Рядом стояла Володина пишущая машинка. Я заправил в нее лист чистой бумаги и стал учиться печатать.
Освоил я это дело довольно быстро. Приноровился печатать двумя указательными пальцами.
И печатаю, приходится признаться, этими, уже слегка искривленными от многолетней работы, указательными пальцами – до сих пор. И этот текст точно так же перепечатываю. Вот что значит привычка – для меня.
Перепечатав полностью большой ахматовский текст, я уже не мыслил себя без пишущей машинки.
Вот тогда я и втянулся в самиздат, навсегда и бесповоротно.
Помню, как вернулся с занятий Брагинский. Он, самый старый друг и одноклассник Димы Борисова, учился тогда в Институте востоковедения.
Встав из-за стола, я с гордостью показал ему перепечатанный мною текст.
Володя улыбнулся и развел руками:
– Ну вот теперь дело пойдет!
И дело пошло.
Благо и у Брагинского было что перепечатать.
Он, наш Володя, похожий, как говаривал Дима Борисов, на апостола Петра, автор широко известной в самиздатовские времена, отличной, до сих пор не изданной прозы, крупный востоковед, автор множества книг, переводов, исследований по части своей Индонезии, или Малайзии, профессор, доктор наук, давно живет в Лондоне, – а я по старинке вижу его перед собою, рядом, с глазу на глаз читающего мне свои рассказы шестидесятых, – и звучит, звучит, не исчезает никуда, негромкий, печальный голос его.Самиздат – самообслуживание: а что делать было? Сами как-то справлялись, не впервой. Сами печатали, сами оформляли сборники, свои и чужие. Достал текст, прочел. Нужен – перепечатал. Целые библиотеки составлялись из машинописного самиздата. В шестидесятых еще редкостью были переснятые на ксероксе тексты. Ксерокс вошел в обиход позже. Мой киевский старый приятель, писатель Леня Коныхов, сумел устроиться работать на ксероксе в семидесятых и снабжал переснятыми книгами всех друзей и вообще чуть ли не полгорода.
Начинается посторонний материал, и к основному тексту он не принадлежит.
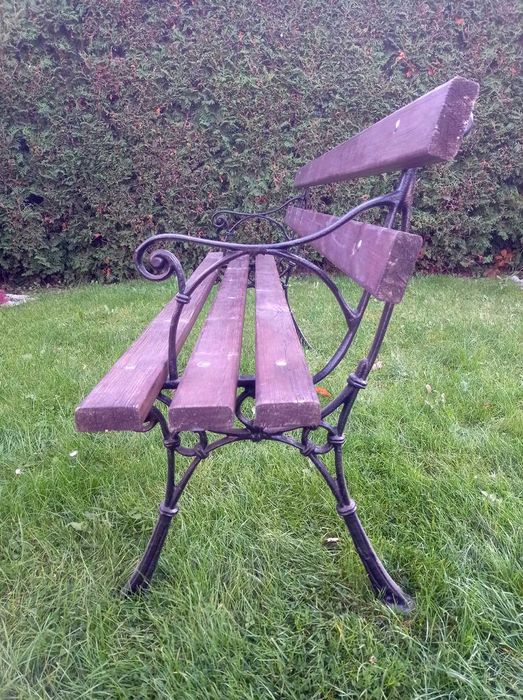 Ławka z oparciem - parkowa, ogrodowa.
Но кто-то донес, – и Леня уже в начале восьмидесятых оказался в тюрьме, пребывание в которой выдержал стойко; в лагерной библиотеке случайно оказалась единственная его книжка рассказов «Там у нас, на Куреневке», вышедшая в Киеве с помощью Виктора Некрасова, – она-то его и спасла, – на зоне его зауважали. «Своего» писателя – там берегли.
Самиздат – самоотречение: вот вы попробовали бы!
И самоопределение: это – мое, буду делать так.
Самоотверженность: еще бы!
Самоотдача: сколько сил было на это положено!
Самооценка: это неминуемо.
Самопожертвование: немалой кровью окроплен сей алтарь.